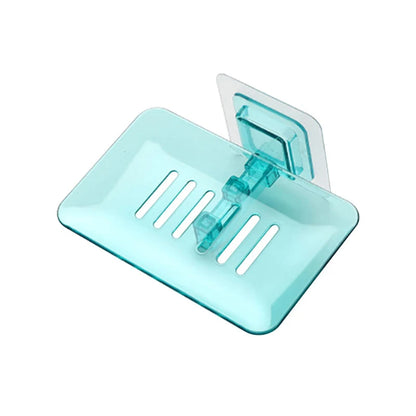 1PC Transparent Drain Soap Holder No Punch Paste Wall Mounted Shower Toilet Suitable For Plastic Storage Box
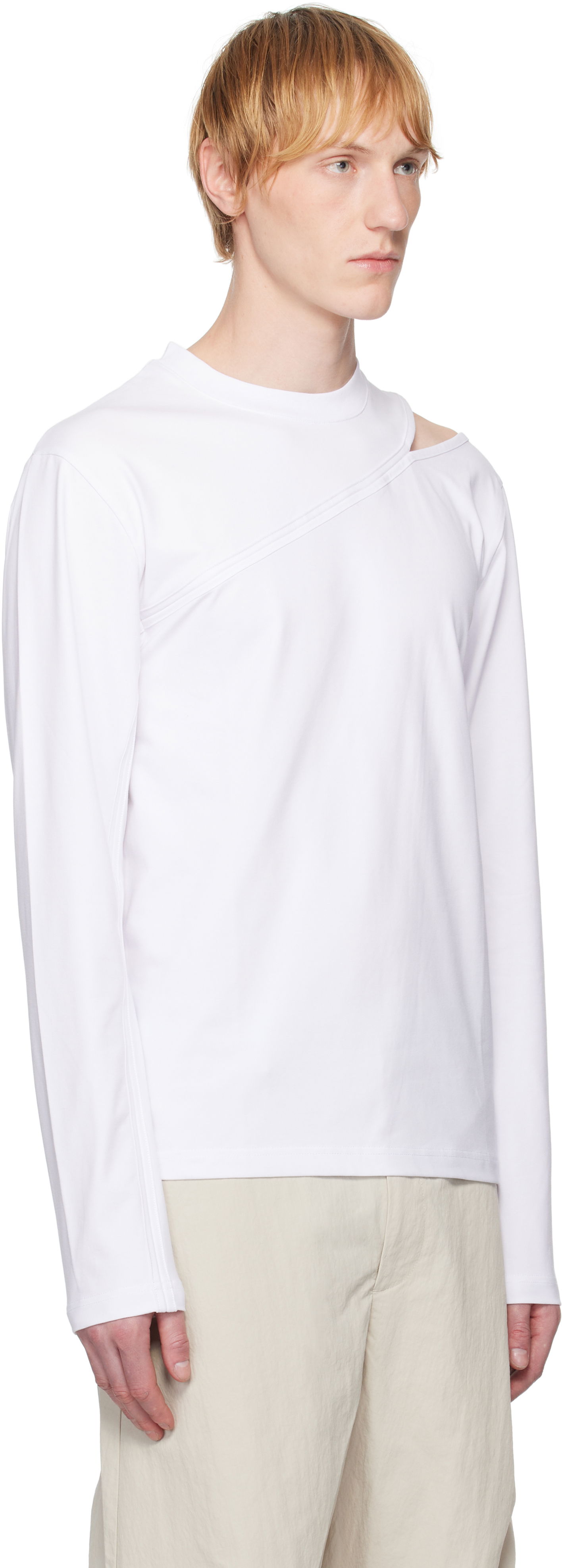 Тениска HELIOT EMIL HELIOT EMIL Pleistos Cutout Long Sleeve T-Shirt Бяло | SS25_M_09_135_WHT02, 1
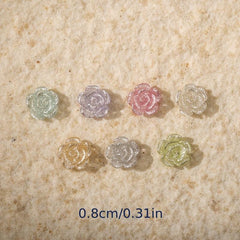 50pcs 3D Camellia Rose Nail Art Charms Flower Nail Art Accessories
___
WORK TO COMPLETE
Each line of the data above is to be output exactly; the pictures are not to appear.

RESPONSE BELOW
 1PC Transparent Drain Soap Holder No Punch Paste Wall Mounted Shower Toilet Suitable For Plastic Storage Box
 Тениска HELIOT EMIL HELIOT EMIL Pleistos Cutout Long Sleeve T-Shirt Бяло | SS25_M_09_135_WHT02, 1
 50pcs 3D Camellia Rose Nail Art Charms Flower Nail Art Accessories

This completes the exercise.